PEDOMAN RAKYAT, JAKARTA – Mahkamah Konstitusi (MK) mengabulkan sebagian permohonan uji materiil terhadap Pasal 8 Undang-Undang Nomor 40 Tahun 1999 tentang Pers yang diajukan Ikatan Wartawan Hukum (IWAKUM).
Putusan Nomor 145/PUU-XXIII/2025 tersebut dibacakan dalam sidang pengucapan putusan di Gedung MK, Jakarta, Senin (19/1/2026).

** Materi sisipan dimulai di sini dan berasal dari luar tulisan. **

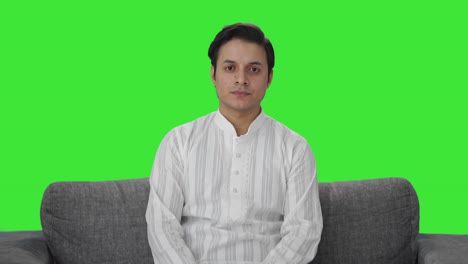 indian man looking at the camera green screen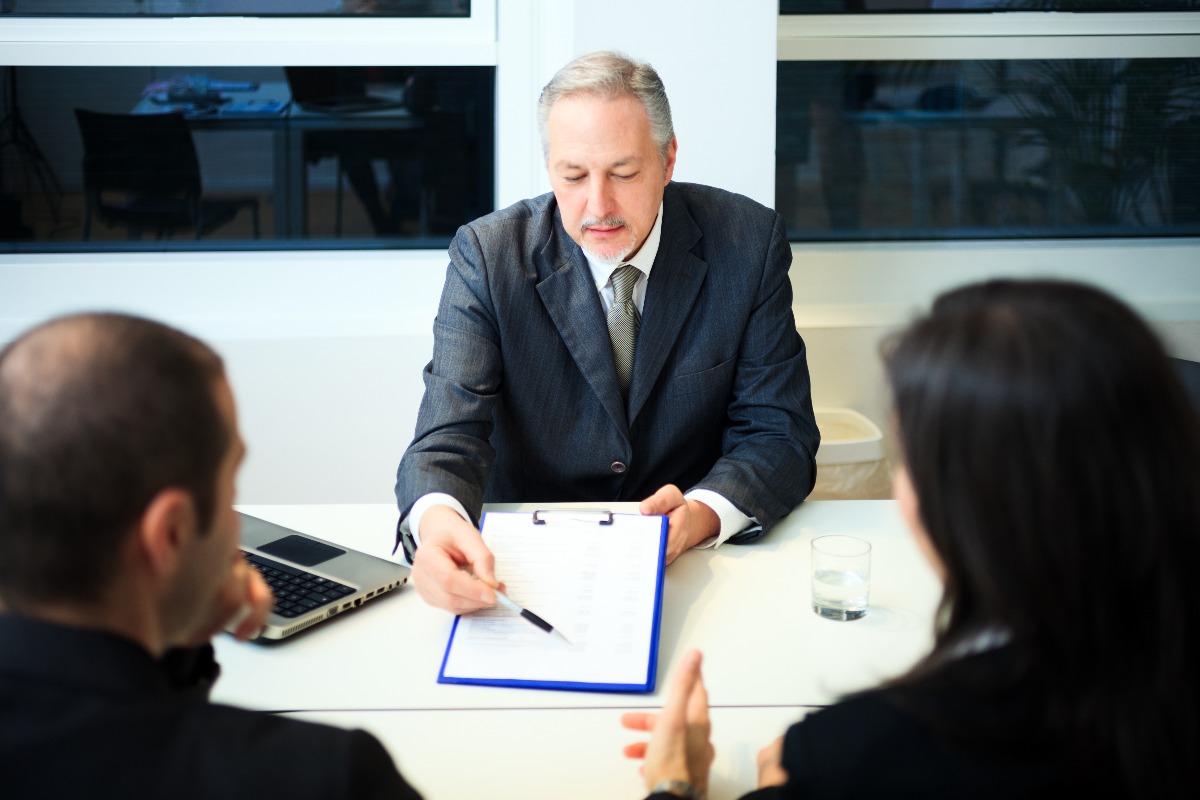 man holding a document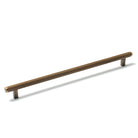 Momo Bellevue lined cabinet pull handle with brass finish, mounted on a cabinet door for a stylish, functional hardware accent.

MK menegaskan bahwa wartawan tidak dapat serta-merta dijerat pidana maupun digugat secara perdata atas karya jurnalistik yang dilakukan secara sah.

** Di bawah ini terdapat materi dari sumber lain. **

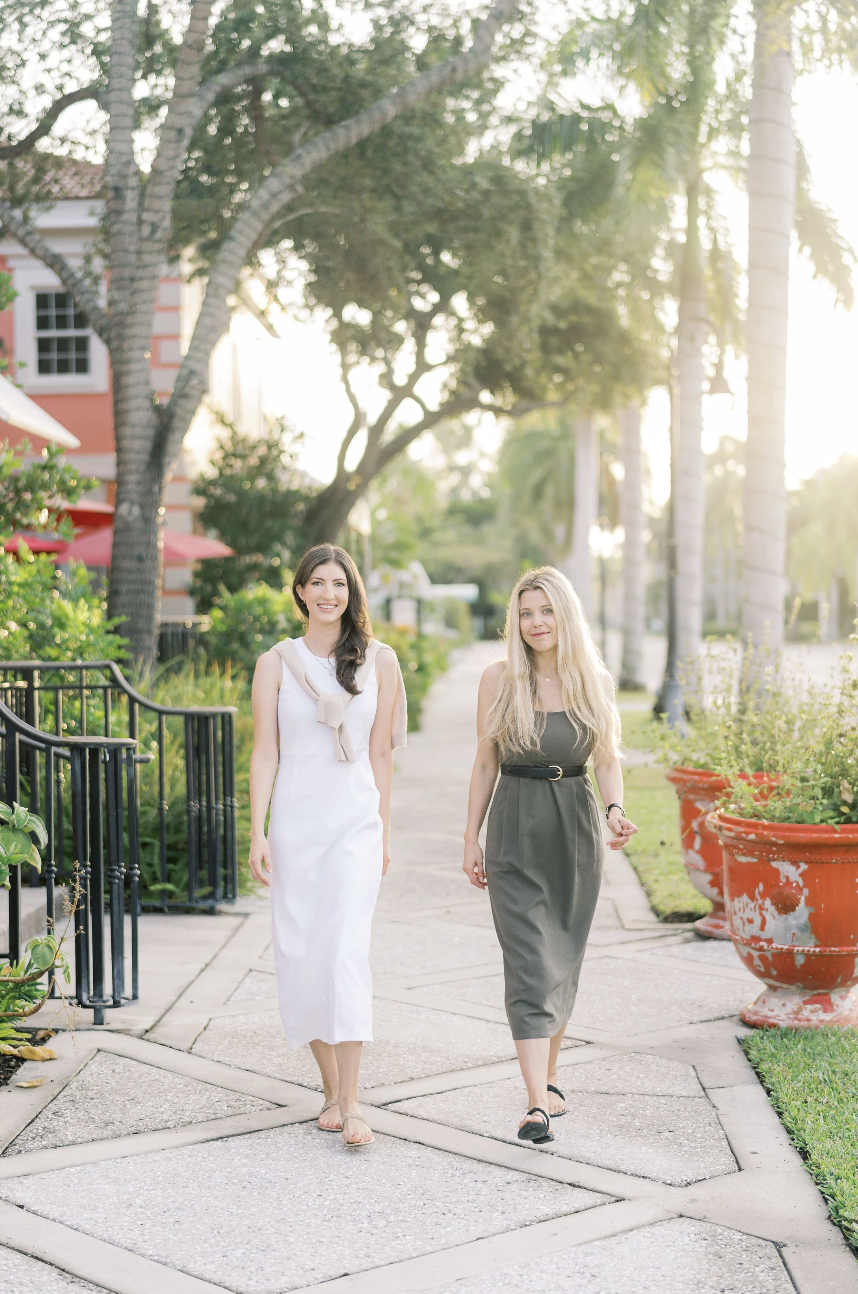 Two women walking on a sidewalk surrounded by greenery and large potted plants in a sunny outdoor setting.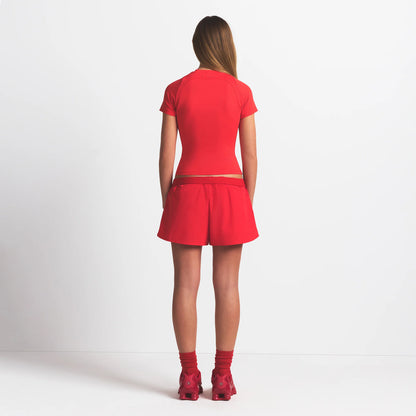 NikeSKIMS WOVEN NYLON 2.5" RUNNER SHORT | RUBY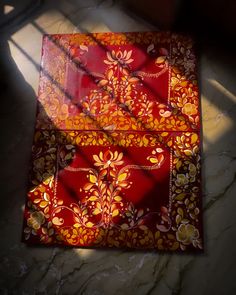 two red and yellow cloths sitting on top of a marble floor next to a window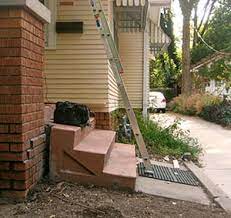 Next, i begin to fill the cavity, making sure to force the concrete all around the post. Henry Nelson Carpentry Case Studies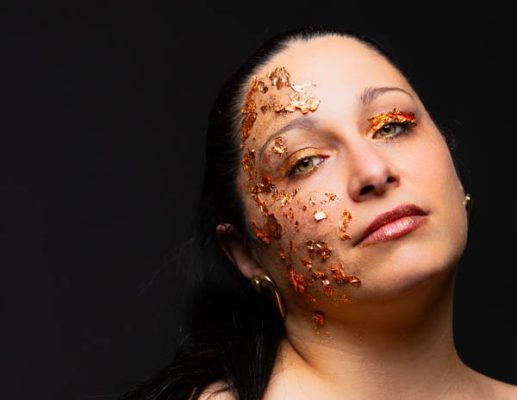 Portrait d'une femme au maquillage pailleté orange sur fond noir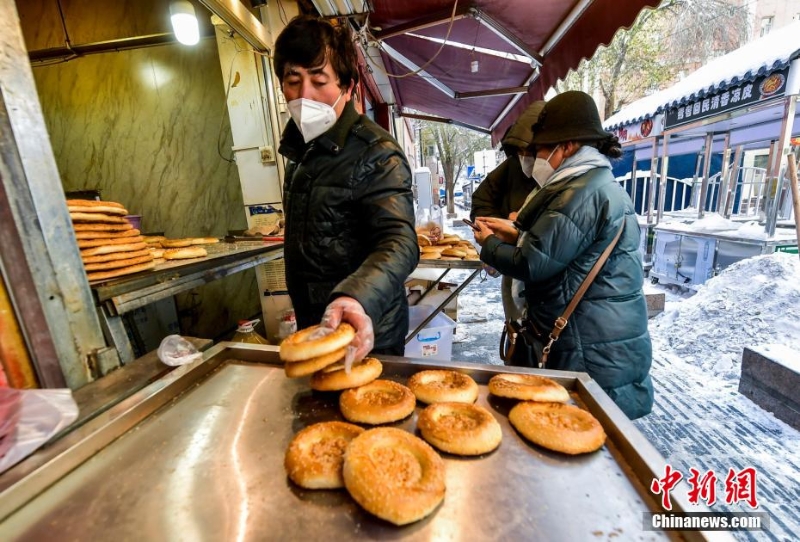 烏魯木齊市文化路，已開門營(yíng)業(yè)的馕店吸引過往市民前來購(gòu)買。 劉新 攝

Permohonan uji materiil ini diajukan IWAKUM melalui Ketua Umum Irfan Kamil dan Sekretaris Jenderal Ponco Sulaksono. Ketua MK Suhartoyo menyatakan Mahkamah mengabulkan permohonan tersebut untuk sebagian.
“Mengabulkan permohonan Pemohon untuk sebagian,” ujar Suhartoyo saat membacakan amar putusan, sebagaimana dilansir Kompas.com.

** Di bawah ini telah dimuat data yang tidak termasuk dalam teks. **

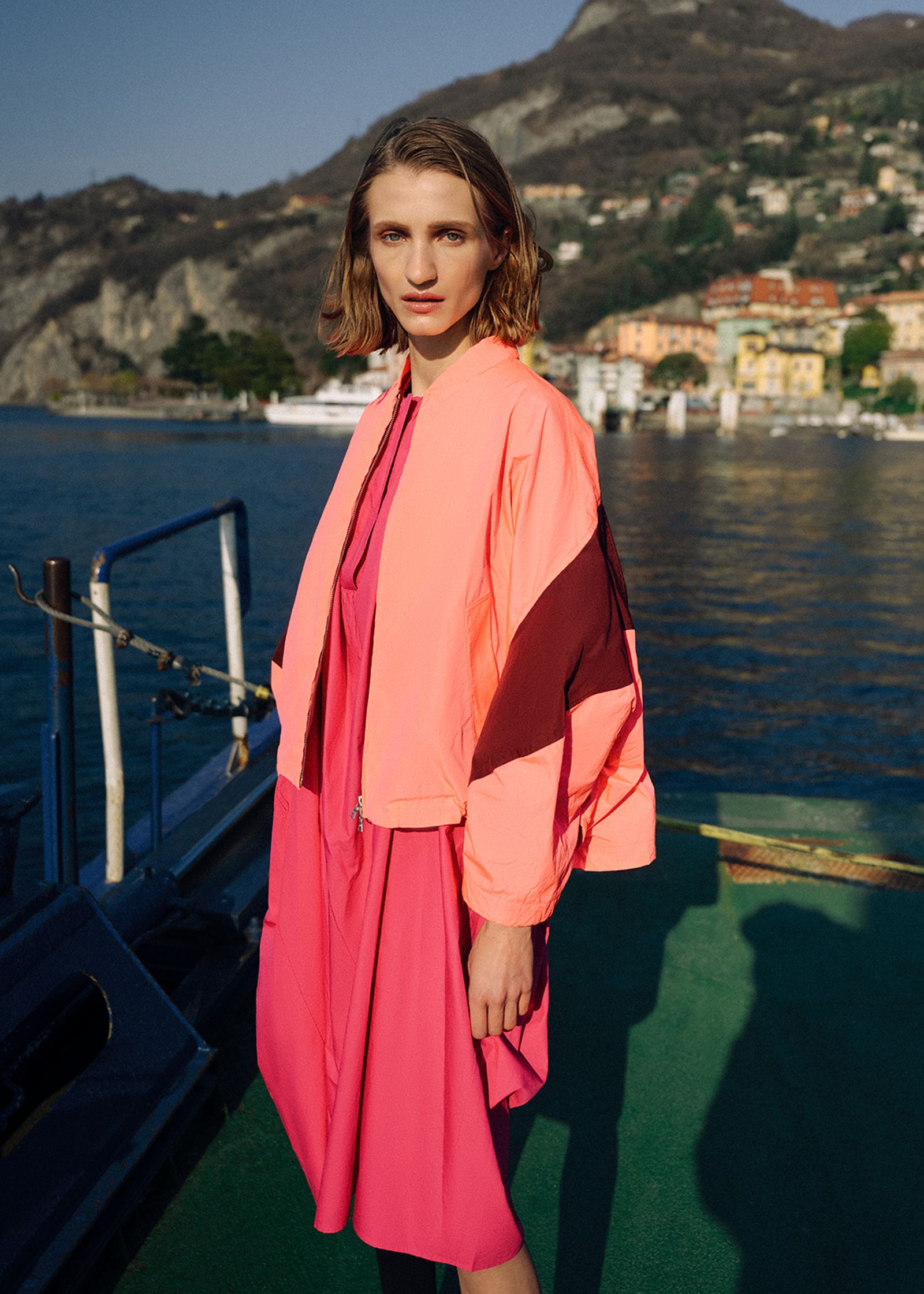 a woman in a pink dress standing on a boat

MK menyatakan frasa “perlindungan hukum” dalam Pasal 8 UU Pers bertentangan dengan Undang-Undang Dasar (UUD) 1945 dan tidak mempunyai kekuatan hukum mengikat secara bersyarat, sepanjang tidak dimaknai bahwa penerapan sanksi pidana dan/atau perdata terhadap wartawan yang menjalankan profesinya secara sah hanya dapat dilakukan setelah mekanisme hak jawab, hak koreksi, serta dugaan pelanggaran kode etik jurnalistik diproses melalui Dewan Pers dan tidak mencapai kesepakatan, sebagai bagian dari penerapan restorative justice.
Dalam pertimbangan hukum yang dibacakan Hakim Konstitusi M. Guntur Hamzah, Mahkamah menilai Pasal 8 UU Pers selama ini bersifat deklaratif dan tidak memberikan kepastian mengenai bentuk perlindungan hukum yang nyata bagi wartawan.